GNOME is *not* a window manager.  

It doesn't manage windows in the X System.

It leaves that to a separate program, called a window manager, that
functions in the same fashion as other X window managers.

GNOME is much harder to see, in that the things about GNOME that are
important are not necessarily visible.

--> It provides a common set of libraries for use by applications,
including ones for manipulating data structures, XML files, and
configuration files.

--> It further intends to provide a "canvas" system so that applications
that need to print things can use the "GNOME Canvas," and thereby get
both visible output, and printable output.

--> It uses CORBA as a dynamic layer through which various sorts of
functionality may be registered, addressed, and interfaced.

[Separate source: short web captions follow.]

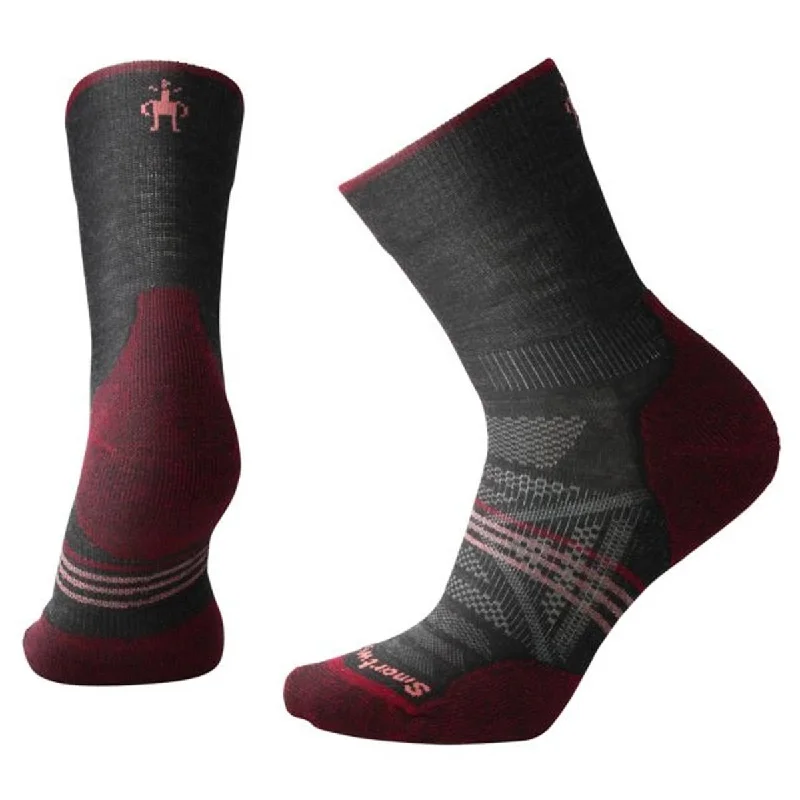 PHD OUTDOOR LIGHT MID CREW - WOMEN'S SOCKS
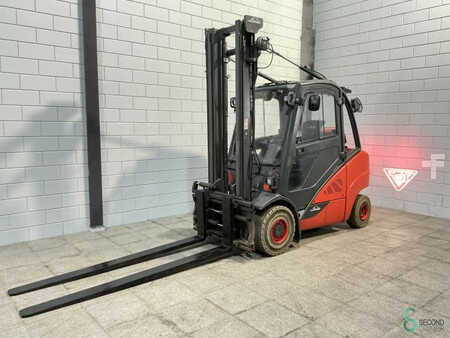 Gázüzemű targoncák 2019  Linde H35T (2)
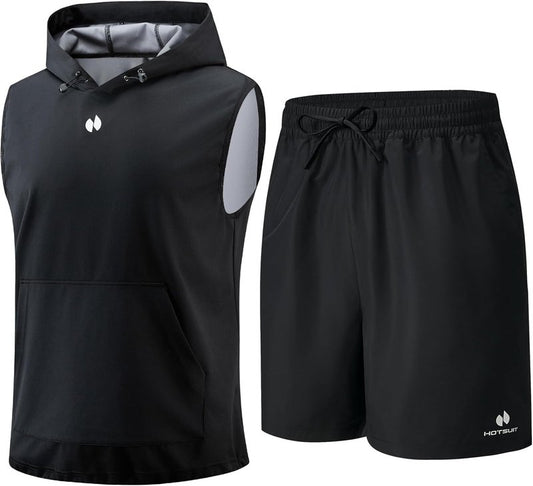 Sauna Shirt for Men - Anti-Rip Heat Trapping Pullover Vest | Ideal for Boxing & Exercise
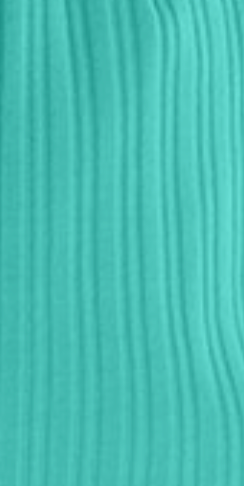 Ribbed Tank & Shorts Set TURQUOISE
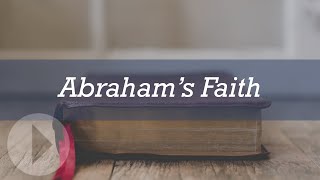 Abrahams Faith  John Lennox [upl. by Solberg123]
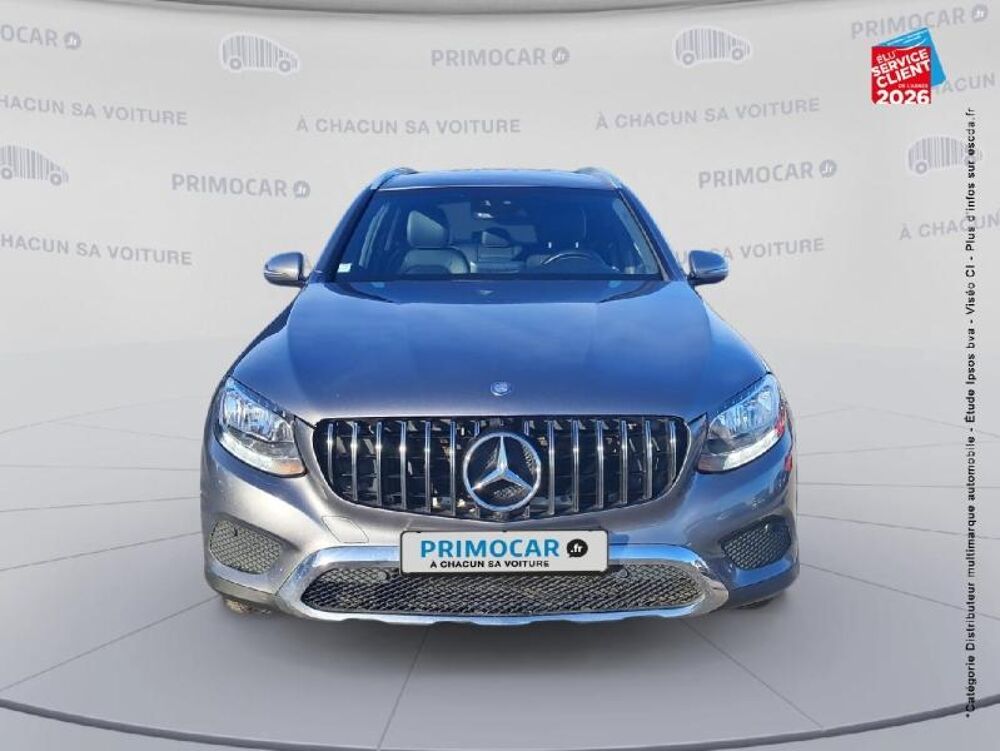 Classe GLC 220 d 170ch Sportline 4Matic 9G-Tronic 2016 occasion 57970 Illange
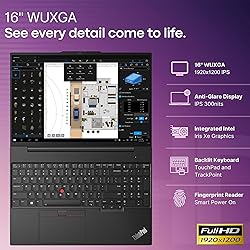 Oemgenuine Lenovo ThinkPad E16, WUXGA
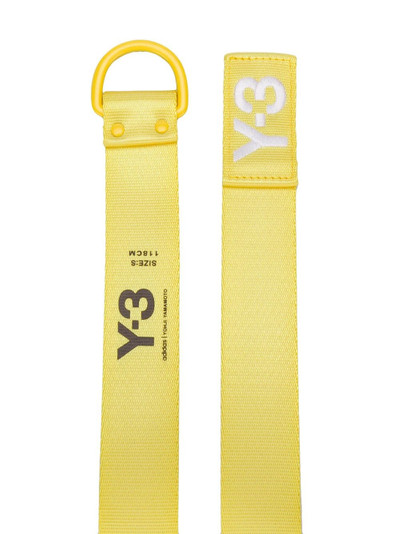 Y-3 adjustable buckle belt outlook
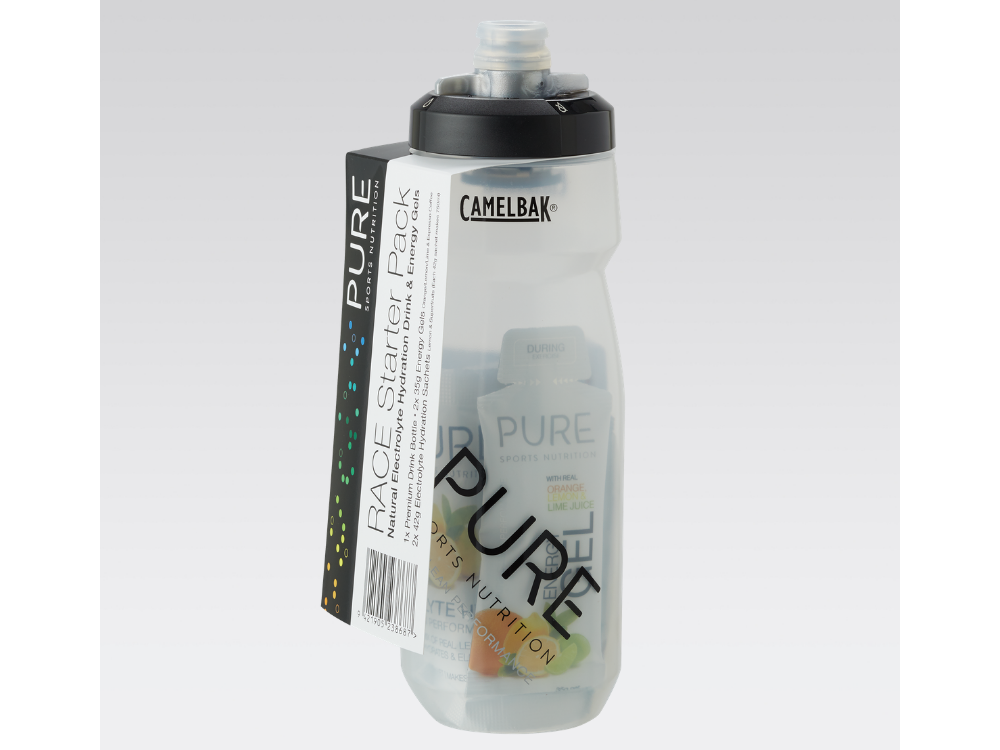 Pure Sports Nutrition - PURE - PREMIUM RACE STARTER KIT 710ML (INC 2x35g GELS AND 2x 42g HYDRATION SACHETS) 2 Pure Sports Nutrition - PURE - PREMIUM RACE STARTER KIT 710ML (INC 2x35g GELS AND 2x 42g HYDRATION SACHETS) - Image 2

--> It seeks to provide interfaces whereby applications can provide
scripting "for free."

These are the *REALLY IMPORTANT* parts of GNOME.  Note that there's only
one of the above-mentioned items that represents something that you'd be
able to look at and see.

People have mistaken the fixation of the not-dissimilar KDE Project on
Qt, and, of some proponents of GNOME, on the GTk GUI toolkit, for being
representative of something important.